_Your assignment_.
Return only the lines of the listing below that run from the line with "Solar Powered Bird" through the line with "KY license plate 885USS", both ends included, exactly as written.

_Data for analysis_.
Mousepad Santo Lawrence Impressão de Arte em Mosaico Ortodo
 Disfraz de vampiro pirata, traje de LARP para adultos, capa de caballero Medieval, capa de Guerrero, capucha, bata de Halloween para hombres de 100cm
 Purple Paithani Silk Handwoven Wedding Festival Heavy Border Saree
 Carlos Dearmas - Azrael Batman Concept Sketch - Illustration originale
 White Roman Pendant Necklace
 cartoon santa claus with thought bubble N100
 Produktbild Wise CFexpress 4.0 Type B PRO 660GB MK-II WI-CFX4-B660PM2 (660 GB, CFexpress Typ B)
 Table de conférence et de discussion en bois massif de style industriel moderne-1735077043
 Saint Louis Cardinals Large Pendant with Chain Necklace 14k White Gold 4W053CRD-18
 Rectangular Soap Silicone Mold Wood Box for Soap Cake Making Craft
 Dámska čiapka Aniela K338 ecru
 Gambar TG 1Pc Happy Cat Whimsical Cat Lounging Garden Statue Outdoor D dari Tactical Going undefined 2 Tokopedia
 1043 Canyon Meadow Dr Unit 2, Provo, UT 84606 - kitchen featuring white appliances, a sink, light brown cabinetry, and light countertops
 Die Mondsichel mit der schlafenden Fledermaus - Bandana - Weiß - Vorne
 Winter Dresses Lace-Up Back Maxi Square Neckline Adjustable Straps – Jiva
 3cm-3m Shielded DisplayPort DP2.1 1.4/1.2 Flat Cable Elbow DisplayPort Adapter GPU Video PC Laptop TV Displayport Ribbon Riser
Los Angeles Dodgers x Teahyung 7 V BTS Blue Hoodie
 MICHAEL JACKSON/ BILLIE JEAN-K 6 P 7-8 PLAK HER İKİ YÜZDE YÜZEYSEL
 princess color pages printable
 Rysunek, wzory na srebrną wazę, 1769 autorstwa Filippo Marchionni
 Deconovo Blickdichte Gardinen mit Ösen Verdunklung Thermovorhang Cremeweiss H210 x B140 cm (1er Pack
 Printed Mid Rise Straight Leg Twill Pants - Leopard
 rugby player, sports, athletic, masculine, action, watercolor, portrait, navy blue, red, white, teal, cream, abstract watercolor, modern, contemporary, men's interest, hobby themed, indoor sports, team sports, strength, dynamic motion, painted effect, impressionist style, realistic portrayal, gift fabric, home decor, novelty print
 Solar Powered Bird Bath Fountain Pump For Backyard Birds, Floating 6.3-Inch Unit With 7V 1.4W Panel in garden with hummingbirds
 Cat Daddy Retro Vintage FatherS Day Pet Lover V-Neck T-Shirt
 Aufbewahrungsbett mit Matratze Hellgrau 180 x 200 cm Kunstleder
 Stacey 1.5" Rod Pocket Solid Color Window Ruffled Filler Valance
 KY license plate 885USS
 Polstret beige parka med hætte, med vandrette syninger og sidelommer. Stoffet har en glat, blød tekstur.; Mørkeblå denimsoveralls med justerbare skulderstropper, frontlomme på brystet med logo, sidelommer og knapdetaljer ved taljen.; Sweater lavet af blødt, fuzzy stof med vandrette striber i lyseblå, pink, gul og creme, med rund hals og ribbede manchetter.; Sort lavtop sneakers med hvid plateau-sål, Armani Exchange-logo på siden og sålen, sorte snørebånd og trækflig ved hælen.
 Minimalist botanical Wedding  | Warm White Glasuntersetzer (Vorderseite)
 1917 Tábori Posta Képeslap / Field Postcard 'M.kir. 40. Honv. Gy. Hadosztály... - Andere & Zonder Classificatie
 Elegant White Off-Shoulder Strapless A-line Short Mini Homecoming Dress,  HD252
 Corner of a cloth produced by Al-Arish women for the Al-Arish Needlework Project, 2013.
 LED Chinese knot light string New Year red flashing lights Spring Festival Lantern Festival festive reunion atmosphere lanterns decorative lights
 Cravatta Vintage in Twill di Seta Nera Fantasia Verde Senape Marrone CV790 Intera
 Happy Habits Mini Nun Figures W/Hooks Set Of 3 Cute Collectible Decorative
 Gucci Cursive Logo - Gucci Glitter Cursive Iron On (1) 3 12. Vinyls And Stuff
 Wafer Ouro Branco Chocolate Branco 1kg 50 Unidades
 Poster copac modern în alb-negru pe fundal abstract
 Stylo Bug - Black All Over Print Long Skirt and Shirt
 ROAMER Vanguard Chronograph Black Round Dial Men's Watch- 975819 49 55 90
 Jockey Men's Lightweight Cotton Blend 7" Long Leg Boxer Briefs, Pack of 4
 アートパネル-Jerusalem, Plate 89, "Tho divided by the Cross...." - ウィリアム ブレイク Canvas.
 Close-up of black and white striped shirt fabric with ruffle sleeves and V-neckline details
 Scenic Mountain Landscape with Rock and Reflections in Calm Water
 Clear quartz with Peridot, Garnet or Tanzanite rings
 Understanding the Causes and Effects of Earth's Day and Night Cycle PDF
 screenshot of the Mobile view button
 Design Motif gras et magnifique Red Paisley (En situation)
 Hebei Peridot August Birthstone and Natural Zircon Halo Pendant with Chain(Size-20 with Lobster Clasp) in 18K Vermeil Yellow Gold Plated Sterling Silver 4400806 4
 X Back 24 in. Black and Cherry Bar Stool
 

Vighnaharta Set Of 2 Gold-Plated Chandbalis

_Answer to this exercise_.
 Solar Powered Bird Bath Fountain Pump For Backyard Birds, Floating 6.3-Inch Unit With 7V 1.4W Panel in garden with hummingbirds
 Cat Daddy Retro Vintage FatherS Day Pet Lover V-Neck T-Shirt
 Aufbewahrungsbett mit Matratze Hellgrau 180 x 200 cm Kunstleder
 Stacey 1.5" Rod Pocket Solid Color Window Ruffled Filler Valance
 KY license plate 885USS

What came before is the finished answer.